Just the already-aging bones of last decade's revolution. The tools of a reserve army. Weapons meant for lend-lease programs, Neocolonial suppression, or proxy state redistribution. The true arsenal of the Reich remained sealed—underground, unspoken.
Because Bruno knew something they didn't.
Victory today meant nothing if tomorrow turned against them.
He remembered 1919. He remembered 1945. He remembered 2015. He remembered the world that punished Germany for daring to exist.
He would not let that happen again.
Not now. Not ever.
There were bunkers beneath the Alps. Others in the Sudetenland. Sealed vaults buried under Tyrol. Inside them were canisters and devices that no flag bore. Some chemical. Some thermobaric. And some… theoretical.
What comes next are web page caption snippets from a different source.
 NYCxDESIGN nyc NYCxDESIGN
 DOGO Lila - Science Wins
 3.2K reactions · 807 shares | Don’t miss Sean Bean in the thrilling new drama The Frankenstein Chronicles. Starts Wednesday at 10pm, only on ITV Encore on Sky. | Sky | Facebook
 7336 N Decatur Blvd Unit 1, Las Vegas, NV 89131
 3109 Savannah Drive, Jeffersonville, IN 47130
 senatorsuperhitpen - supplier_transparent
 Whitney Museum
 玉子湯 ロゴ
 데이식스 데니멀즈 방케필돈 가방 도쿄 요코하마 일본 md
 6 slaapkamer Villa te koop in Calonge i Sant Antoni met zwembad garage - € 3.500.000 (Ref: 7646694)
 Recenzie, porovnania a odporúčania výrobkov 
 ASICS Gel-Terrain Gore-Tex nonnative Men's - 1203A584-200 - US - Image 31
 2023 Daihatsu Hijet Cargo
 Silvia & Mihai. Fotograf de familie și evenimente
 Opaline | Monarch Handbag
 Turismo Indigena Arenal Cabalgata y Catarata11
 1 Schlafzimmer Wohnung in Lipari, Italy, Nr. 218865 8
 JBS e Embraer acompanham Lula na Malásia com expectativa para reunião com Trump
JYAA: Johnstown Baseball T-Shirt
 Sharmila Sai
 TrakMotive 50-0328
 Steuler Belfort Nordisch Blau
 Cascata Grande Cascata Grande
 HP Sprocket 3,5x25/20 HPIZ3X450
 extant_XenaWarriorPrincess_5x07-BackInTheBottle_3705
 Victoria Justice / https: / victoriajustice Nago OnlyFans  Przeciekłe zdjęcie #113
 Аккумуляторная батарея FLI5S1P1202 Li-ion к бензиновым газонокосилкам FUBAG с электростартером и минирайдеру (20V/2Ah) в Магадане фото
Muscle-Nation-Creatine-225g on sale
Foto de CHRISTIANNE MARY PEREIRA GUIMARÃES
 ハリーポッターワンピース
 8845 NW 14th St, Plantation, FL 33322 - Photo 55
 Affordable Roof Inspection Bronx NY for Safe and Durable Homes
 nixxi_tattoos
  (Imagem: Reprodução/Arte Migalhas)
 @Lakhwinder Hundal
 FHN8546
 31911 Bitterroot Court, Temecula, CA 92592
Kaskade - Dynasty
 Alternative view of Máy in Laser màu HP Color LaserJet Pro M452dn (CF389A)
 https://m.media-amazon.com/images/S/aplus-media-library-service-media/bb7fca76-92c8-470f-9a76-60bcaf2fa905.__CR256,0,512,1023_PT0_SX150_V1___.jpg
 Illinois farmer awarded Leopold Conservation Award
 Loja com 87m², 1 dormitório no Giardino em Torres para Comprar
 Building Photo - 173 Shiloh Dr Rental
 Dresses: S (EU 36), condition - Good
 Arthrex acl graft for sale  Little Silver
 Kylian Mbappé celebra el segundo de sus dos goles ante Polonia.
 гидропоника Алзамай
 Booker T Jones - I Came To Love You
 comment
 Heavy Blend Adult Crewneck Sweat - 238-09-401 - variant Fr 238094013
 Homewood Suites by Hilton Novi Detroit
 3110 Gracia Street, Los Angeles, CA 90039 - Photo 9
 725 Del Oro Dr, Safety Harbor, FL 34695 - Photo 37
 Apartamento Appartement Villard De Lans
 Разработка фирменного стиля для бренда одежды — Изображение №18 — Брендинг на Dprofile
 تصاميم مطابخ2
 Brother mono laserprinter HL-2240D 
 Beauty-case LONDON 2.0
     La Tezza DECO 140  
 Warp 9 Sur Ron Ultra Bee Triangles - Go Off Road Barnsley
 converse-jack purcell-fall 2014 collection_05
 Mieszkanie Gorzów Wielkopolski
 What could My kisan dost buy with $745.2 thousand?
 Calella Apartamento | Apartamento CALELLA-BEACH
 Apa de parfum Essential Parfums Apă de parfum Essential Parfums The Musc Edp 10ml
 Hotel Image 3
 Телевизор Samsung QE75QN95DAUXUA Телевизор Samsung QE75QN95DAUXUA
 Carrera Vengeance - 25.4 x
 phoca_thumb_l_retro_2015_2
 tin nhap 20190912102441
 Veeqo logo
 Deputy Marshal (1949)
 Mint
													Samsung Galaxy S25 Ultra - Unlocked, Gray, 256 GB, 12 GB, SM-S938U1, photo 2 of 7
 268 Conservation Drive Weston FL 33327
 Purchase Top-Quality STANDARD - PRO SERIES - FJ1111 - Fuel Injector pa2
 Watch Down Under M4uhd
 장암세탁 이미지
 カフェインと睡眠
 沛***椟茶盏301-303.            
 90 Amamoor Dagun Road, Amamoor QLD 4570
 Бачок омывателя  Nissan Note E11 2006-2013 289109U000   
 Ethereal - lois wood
One warhead, marked Projekt Morgenrot, remained under constant development and observation by a scientific detachment loyal only to him.
Its yield, calculated at twenty kilotons, was never tested—never needed. But it existed. As did five others. Atomic deterrence by implication alone.
He took a sip of his coffee, still silent, and watched the officers toast a war already won.
Let them celebrate, he thought.
Let them toast maps and machines.
They need not know what's necessary to keep the demons at bay.
But I do.
Like Saint Michael before the gates of Heaven, I stand watch.
The dragon still sleeps—but I will be the one to slay it, should the time come.
The weapons buried beneath the Alps, the Sudetenland, and Tyrol were not built for conquest.
They were built for retribution.
Insurance against the unthinkable.
Because if the German Fatherland were ever to fall—if its soil were ever occupied, its people broken, its sovereignty erased—then the world would burn with it.
No Versailles.
No Weimar.
No surrender.
Only fire.
Only ash.
Bruno's final contingency.
Never again would Germany die alone.
Call it what they will—madness, obsession, heresy. But to Bruno, it was math. If x equals collapse, then y must equal extinction. The threat alone was meant to suffice, but with every threat, if one did not have the might backing it, then it was utterly pointless.